Anytime this comes up, the code is hard to read. Variables that don't have valid values in chunks of code are problematic, and GCC wouldn't issue this error in a case where there's no branching or other stuff to confuse the issue. If you can't rearrange it so that it's clear to GCC that it's set before used, whether you initialize it isn't going to make it significantly more unclear to readers.

Removing uninitialized_var()

Posted Dec 21, 2012 9:02 UTC (Fri) by hummassa (guest, #307) [Link] (4 responses)

My response was going to be similar; "if you managed to confuse the compiler, you lost your human readers a long time ago."

Removing uninitialized_var()

Posted Dec 21, 2012 17:58 UTC (Fri) by bronson (subscriber, #4806) [Link] (3 responses)

Yes, well said! That's worth hanging on the wall.

Removing uninitialized_var()

Posted Dec 21, 2012 20:14 UTC (Fri) by giraffedata (guest, #1954) [Link] (2 responses)

As the article points out, it's amazingly easy to confuse the compiler. In the cases where I've had to deal with this, there was clearly no practical alternative way to write the code. The only practical ways to shut the compiler up were to give a variable a fake value or disable the warning class.

I do agree that code with variables that are sometimes meaningless is harder to read than code without. I don't agree that when such meaningless variables exist, the code is equally hard to read when you assign values to them.

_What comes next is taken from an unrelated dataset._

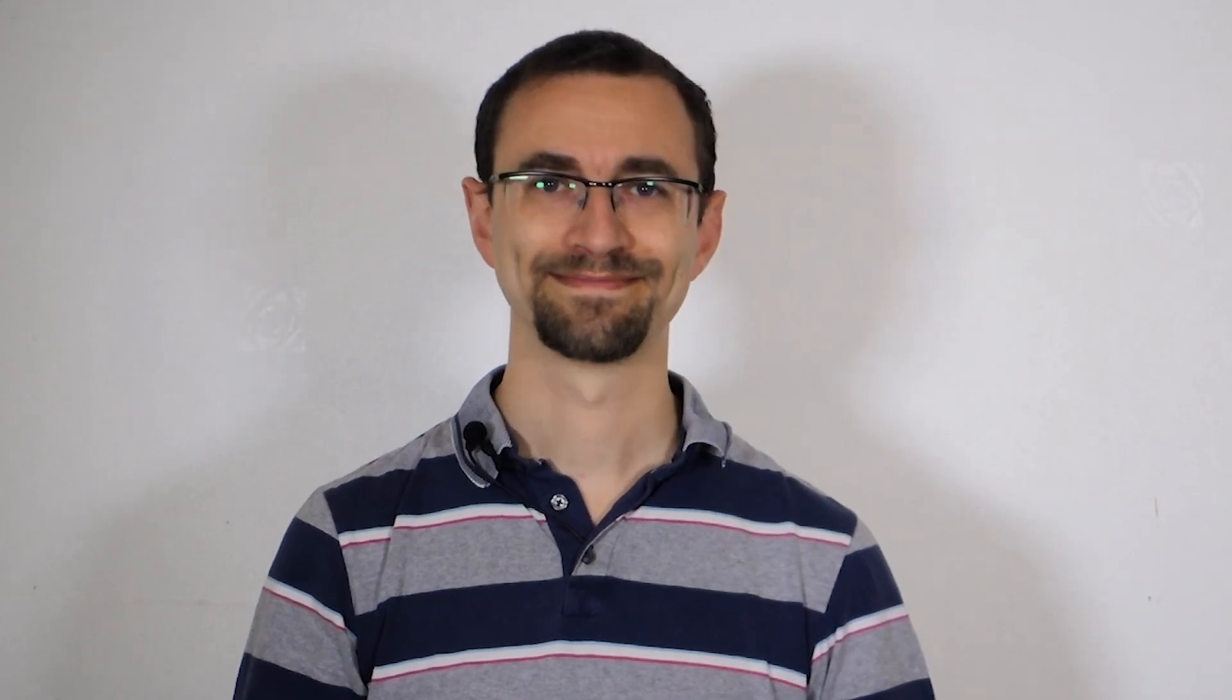As we've seen, pivoting is a powerful operation for converting rows to column totals for days, weeks, or months, but it has many other applications too, such as converting sporting results to league tables. Unpivoting has fewer applications, but it's still useful to have in your SQL Toolkit. If you enjoyed this and want to watch more SQL videos, click the links on screen now.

Here's the analogy: You're filling in an online medical history form. Question 1: sex. Question 2: if female, when was your last menstruation? No doctor will be the least bit concerned when he sees a man leave Question 2 blank. He might be confused if he sees a date in there for a man. In fact, he would be well justified in thinking Question 1 might be an error in that case. GCC is the automatic field checker that notices Question 2 is blank and makes the man put a date in there before it will accept the form, because it isn't smart enough to know what menstruation is and simply insists that every field be filled in, to avoid accidental omissions.

Removing uninitialized_var()

Posted Dec 21, 2012 21:22 UTC (Fri) by hummassa (guest, #307) [Link] (1 responses)

My point is that, as easy as it is to confuse gcc or clang, confusong the programmer who has to read the code after you is even easier! Let is substitute your question #2 for "did you ever have had eclampsia?" And now the comparison is fair. 50 percent of male respondents will not know what it is and many will answer wrongly.

Removing uninitialized_var()

Posted Dec 21, 2012 23:13 UTC (Fri) by apoelstra (subscriber, #75205) [Link]

> My point is that, as easy as it is to confuse gcc or clang, confusong the programmer who has to read the code after you is even easier!

This is not always true. For a small-enough function (or small-enough block), a programmer can probably build a mental parse tree just as well as the compiler can -- and then, because he is a human gifted with all manner of high-level knowledge and context, he can easily see things that the compiler might miss.

And in my experience, "small enough" includes many non-trivial functions of 5-10 lines. Also in my experience, these are the sorts of functions that trigger uninitialized variable warnings.